• A stroll in South Africa -- weird, huh?

  • July 5, 2010 8:24:47 AM PDT

Posted by Luke Cyphers

CAPE TOWN, South Africa -- "You must see Cape Town," everybody said. "It's so much better than Jo'burg and Pretoria."

Everybody was right. Cape Town is nicer. But it is not because of the city's spectacular seaside geography, or its milder temperatures, or its modern stadium. Those are amenities, sideshows.

The real reason Cape Town is preferable? There are places to walk around.

South Africa invited the world for this soccer tournament but did not welcome its pedestrians. For the most part, the country shows little concern for anyone daring to walk, when not displaying outright cruelty.

In greater Johannesburg particularly, to cross a street on foot is to put your life into someone else's careless hands. Cars simply ignore walkers to the point where they become invisible. The sidewalks have no rhyme or reason, ending suddenly and kicking walkers to the curb. A simple stroll across from the ESPN.com hotel in Fourways to a shopping center across the street for toothpaste requires guts and guile. Cars fly into turns, with little to slow them down, and drag-race when stop lights turn green.

It doesn't help, surely, that most pedestrians' lives are cheap. For the most part, only the poorest walk. They amble down roads with no sidewalks; sprint across highways with no crosswalks; and slide past hawkers and, at times, robbers en route from their jobs to their homes. Apartheid is dead, but the divide between those with cars and those without continues to segregate the country along racial lines.

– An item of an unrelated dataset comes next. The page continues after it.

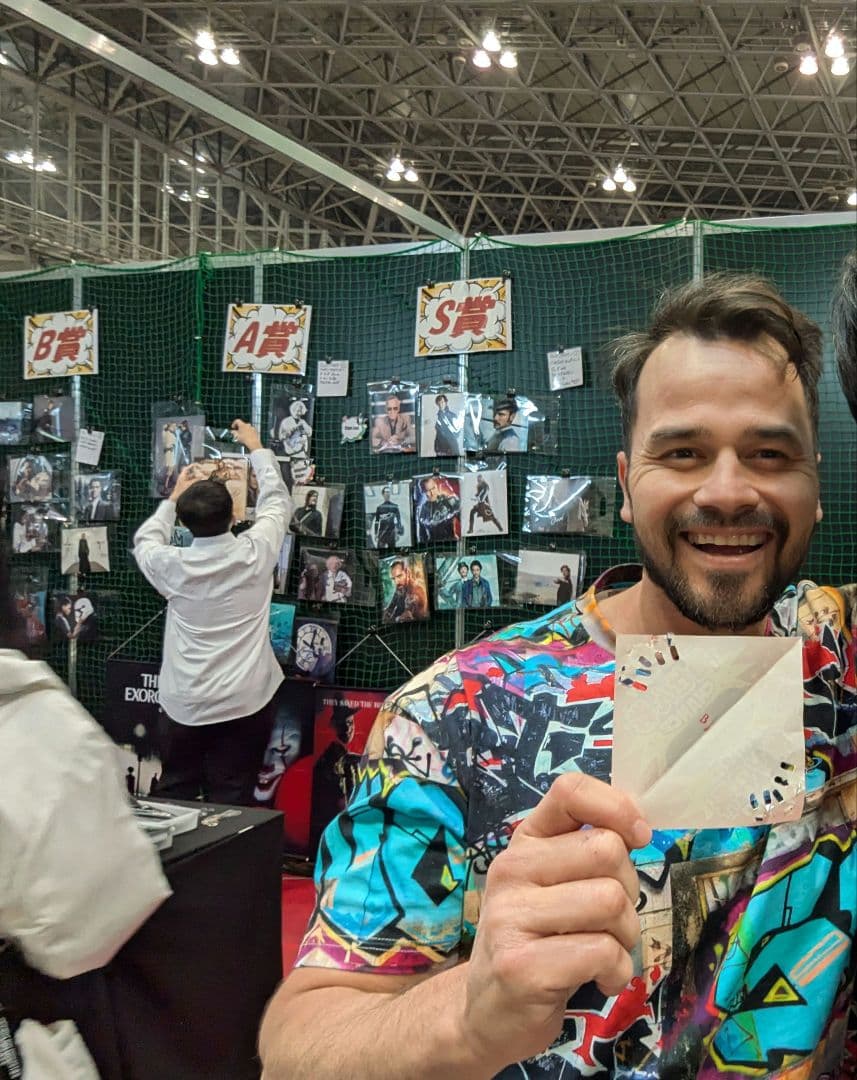 STARWARS　レイ・パーク　フィギュア　&ダニエル・ローガン　直筆サイン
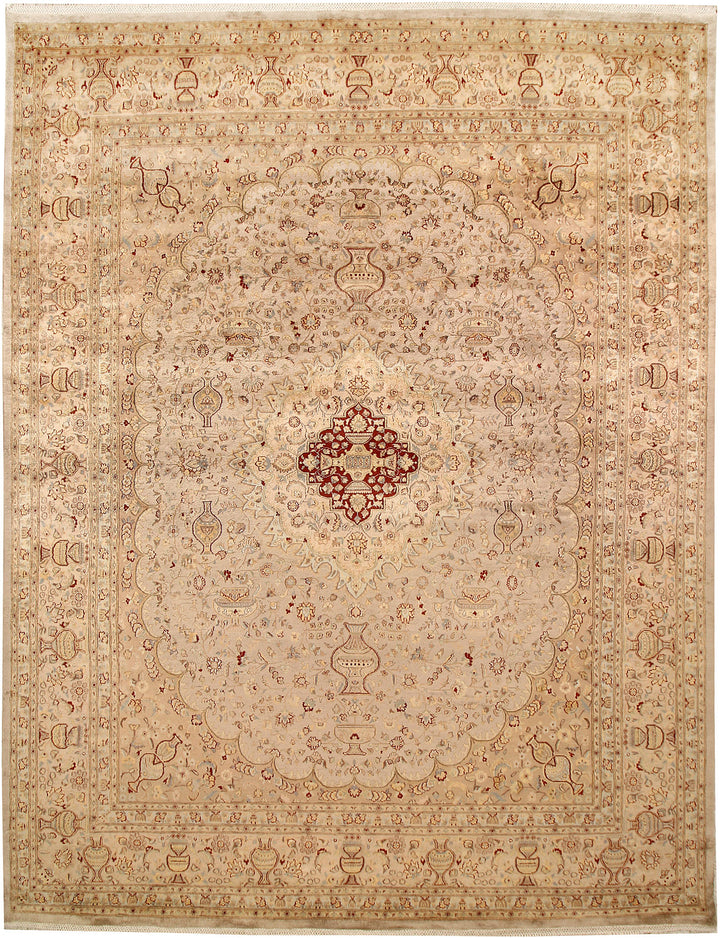 Blanched Almond Isfahan 8' x 10' 5 - No. 67561 - ALRUG Rug Store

Anyone with access to a car eschews walking, for safety's sake. You can't blame them. During the World Cup, one American traveler was killed by a drunk driver as she walked with her family and another was shot in a robbery as he made his way on foot from the Sandton train station to his lodging. Hotel personnel often insist on calling taxis for trips even across the street.

Cape Town is different. Police and security guards line pedestrian corridors and populate street corners, so that it's possible for people of all races to stroll from pub to club to restaurant after midnight without ever dealing with an automobile.

In the grand scheme of things, that's a recipe for safety. The security of car travel is an illusion here; highway wrecks were a common sight. I counted six in one day early in the tournament, and the tournament opened with a tragedy when Nelson Mandela's 13-year-old great-granddaughter died after the opening concert, the victim of a drunk driver.

Meanwhile, studies show that abandoned public spaces breed crime; more eyes and ears and feet on the street lessen it.

And Cape Town does feel safer and cleaner. It's even possible to walk from bustling commercial zones filled with people of all income levels into an affluent hillside neighborhood not far from the stadium -- without entering through a security gate.

There's still plenty of razor wire and electric fencing, and nobody would call the drivers in this part of the country considerate. But it is energizing to actually see and feel a part of the country rather than stare at it from behind a locked door and a rolled-up window, and inspiring to walk through streets filled with life, rather than fear.